Our taxes pay for cool things like roads, schools, and research papers like “Glaciers, gender, and science: A feminist glaciology framework for global environmental change research”

Nope, that was not in The Onion, it’s right here in the January 10, 2016 journal Progress in Human Geography.

This is the fruit of a $412,930 grant to researchers at The University of Oregon.  To be fair, GAWKER points out that this money, granted in 2013, covered the author Mark Carey’s other work on glaciers as well. Money well spent.

Spoiler Alert:  Here are some tidbits from “Section VII Conclusions”:

Ice is not just ice. The dominant way Western societies understand it through the science of glaciology is not a neutral representation of nature. The feminist glaciology framework draws attention to those who dominate and frame the production of glaciological knowledge, the gendered discourses of science and knowledge, and the ways in which colonial, military, and geopolitical domination co-constitute glaciological knowledge.

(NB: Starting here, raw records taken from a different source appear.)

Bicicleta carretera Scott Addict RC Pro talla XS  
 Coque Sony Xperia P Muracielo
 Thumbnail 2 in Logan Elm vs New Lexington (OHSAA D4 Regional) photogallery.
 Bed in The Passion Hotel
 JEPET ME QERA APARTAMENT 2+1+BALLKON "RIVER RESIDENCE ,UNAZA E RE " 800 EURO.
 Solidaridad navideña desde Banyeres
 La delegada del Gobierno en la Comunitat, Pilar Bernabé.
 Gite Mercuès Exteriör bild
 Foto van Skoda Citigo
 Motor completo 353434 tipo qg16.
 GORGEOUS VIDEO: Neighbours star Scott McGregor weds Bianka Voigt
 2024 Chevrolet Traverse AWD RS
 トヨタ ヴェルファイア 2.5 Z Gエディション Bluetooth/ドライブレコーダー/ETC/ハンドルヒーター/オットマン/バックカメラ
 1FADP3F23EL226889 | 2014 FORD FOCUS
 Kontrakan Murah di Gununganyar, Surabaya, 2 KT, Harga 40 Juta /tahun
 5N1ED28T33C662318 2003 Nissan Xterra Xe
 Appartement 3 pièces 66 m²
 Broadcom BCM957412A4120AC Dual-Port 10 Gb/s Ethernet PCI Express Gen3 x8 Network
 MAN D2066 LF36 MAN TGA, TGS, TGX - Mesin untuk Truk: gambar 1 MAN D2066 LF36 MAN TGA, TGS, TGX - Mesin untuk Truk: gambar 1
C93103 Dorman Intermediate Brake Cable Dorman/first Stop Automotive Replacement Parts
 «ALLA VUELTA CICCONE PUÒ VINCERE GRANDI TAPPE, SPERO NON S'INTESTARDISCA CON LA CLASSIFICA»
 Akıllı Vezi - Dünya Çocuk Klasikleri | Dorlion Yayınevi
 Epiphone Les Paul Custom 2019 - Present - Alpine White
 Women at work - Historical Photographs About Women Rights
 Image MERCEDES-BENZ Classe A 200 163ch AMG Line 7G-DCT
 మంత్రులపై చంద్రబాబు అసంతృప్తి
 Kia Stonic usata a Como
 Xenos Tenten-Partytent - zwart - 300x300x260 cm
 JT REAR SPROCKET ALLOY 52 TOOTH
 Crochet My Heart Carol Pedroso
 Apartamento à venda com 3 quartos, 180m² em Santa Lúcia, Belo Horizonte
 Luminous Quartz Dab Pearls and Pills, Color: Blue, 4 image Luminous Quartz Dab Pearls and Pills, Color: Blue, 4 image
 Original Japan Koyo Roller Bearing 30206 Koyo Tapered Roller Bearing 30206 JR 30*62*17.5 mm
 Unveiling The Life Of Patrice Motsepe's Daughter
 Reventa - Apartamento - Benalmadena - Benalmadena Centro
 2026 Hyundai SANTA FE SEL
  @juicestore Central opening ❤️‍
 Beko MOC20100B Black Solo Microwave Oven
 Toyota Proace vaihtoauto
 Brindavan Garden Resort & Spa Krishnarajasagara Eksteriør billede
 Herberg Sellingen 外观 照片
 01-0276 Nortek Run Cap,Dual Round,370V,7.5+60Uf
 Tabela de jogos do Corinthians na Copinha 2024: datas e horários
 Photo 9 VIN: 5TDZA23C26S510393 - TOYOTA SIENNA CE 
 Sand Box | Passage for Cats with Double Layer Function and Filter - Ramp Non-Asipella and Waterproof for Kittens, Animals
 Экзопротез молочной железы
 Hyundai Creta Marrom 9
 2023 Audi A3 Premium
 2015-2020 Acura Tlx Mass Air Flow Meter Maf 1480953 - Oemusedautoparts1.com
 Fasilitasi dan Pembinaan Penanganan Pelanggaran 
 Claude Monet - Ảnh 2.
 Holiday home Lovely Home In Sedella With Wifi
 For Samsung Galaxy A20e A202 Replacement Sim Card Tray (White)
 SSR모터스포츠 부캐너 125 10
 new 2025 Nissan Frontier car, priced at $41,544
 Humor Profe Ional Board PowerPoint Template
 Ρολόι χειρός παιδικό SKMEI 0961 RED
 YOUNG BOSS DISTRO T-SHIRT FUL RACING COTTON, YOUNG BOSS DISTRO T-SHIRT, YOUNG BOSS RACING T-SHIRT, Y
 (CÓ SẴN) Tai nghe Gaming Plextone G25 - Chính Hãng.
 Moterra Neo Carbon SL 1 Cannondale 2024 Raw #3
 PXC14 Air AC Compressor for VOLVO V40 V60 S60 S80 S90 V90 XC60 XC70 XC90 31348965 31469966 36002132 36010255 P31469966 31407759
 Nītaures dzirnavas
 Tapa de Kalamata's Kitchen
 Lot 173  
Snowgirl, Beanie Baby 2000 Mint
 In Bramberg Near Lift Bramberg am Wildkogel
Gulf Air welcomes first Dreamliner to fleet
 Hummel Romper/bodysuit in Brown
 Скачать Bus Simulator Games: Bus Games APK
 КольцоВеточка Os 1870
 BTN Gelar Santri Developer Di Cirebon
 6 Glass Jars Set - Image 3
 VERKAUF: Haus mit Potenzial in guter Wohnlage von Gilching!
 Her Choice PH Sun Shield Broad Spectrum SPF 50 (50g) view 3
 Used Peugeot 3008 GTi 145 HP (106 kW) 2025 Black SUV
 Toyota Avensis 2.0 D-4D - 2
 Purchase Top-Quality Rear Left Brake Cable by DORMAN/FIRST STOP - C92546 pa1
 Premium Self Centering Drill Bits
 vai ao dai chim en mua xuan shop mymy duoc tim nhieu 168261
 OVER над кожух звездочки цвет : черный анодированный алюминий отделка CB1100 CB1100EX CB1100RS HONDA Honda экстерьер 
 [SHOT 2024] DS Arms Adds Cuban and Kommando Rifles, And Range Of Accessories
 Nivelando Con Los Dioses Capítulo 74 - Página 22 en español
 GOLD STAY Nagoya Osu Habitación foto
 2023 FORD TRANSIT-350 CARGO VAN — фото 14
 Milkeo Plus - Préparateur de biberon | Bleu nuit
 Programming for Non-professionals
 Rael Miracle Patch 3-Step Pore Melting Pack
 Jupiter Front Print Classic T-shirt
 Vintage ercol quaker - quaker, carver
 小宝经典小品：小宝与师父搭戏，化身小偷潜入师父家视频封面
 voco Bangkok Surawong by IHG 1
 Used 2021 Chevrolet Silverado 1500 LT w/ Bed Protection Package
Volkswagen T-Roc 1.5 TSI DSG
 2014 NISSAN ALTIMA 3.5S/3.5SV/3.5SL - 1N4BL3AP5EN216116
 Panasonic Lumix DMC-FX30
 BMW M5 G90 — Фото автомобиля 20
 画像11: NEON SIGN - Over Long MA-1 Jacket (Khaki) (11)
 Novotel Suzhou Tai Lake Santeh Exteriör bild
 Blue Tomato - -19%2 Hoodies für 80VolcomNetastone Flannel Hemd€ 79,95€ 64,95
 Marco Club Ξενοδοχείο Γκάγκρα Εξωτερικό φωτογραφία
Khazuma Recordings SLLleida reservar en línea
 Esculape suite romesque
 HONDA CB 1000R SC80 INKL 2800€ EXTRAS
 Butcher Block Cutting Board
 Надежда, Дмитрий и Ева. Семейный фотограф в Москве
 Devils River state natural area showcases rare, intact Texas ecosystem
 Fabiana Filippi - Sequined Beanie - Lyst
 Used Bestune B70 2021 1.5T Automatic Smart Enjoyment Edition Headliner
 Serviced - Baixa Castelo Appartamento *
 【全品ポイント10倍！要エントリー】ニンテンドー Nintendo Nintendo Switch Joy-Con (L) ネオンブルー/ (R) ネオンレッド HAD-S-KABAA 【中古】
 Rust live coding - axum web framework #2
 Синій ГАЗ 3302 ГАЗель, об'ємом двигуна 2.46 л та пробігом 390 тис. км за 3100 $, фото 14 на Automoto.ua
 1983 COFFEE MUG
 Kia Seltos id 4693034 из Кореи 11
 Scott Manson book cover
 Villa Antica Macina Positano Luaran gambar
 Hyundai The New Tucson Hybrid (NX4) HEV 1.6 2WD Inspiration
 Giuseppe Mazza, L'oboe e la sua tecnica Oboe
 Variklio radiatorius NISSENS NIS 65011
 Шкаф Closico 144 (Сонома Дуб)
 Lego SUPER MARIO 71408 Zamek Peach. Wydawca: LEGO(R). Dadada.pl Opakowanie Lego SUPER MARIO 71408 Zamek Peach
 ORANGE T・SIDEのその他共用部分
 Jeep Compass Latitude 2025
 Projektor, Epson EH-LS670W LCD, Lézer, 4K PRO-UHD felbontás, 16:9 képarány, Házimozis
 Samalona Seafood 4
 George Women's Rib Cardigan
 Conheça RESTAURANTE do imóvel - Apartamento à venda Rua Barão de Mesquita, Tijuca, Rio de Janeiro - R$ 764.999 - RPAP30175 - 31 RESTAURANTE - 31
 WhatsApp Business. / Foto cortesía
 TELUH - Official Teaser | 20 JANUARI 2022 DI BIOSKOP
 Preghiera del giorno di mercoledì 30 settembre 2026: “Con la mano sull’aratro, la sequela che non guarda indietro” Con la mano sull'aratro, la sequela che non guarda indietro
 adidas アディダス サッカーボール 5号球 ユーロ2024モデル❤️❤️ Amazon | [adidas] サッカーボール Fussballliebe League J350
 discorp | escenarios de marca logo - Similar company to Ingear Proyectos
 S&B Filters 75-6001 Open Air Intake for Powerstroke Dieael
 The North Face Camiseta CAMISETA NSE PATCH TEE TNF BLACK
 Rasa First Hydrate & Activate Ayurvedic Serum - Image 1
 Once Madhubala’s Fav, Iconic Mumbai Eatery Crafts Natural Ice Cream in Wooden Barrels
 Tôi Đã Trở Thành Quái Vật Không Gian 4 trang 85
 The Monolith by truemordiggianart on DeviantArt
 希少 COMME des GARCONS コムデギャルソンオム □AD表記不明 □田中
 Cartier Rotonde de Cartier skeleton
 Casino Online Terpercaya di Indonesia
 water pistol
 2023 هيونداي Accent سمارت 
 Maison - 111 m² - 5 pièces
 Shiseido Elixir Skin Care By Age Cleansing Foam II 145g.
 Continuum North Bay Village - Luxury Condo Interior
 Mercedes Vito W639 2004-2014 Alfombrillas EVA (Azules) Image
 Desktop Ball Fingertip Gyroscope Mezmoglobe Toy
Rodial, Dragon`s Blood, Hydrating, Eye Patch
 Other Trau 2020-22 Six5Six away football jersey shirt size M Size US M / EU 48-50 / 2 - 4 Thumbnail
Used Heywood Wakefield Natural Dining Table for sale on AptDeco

Even in a globalized age where the place of women and indigenous people has improved markedly in some parts of the world, masculinist discourses continue to dominate, in subtle and determinative ways. Feminist glaciology advocates for a shift of preoccupations in research, policy, and public perceptions from the physical and seemingly natural, to a broader consideration of ‘cryoscapes’, the human, and the insights and potentials of alternative ice narratives and folk glaciologies.

The critique and framework outlined here illuminate experiences and narratives that emerged historically but remain potent today. Public discourse on the cryosphere continues to privilege, quite explicitly, manly endeavours and adventures in the field, and those who conduct their science in the manner of masculinist glaciologists and other field scientists of decades and centuries past. . .

The call for a feminist glaciology is not limited to ice and glaciers, but is a larger intervention into global environmental change (and especially climate change) research and policy.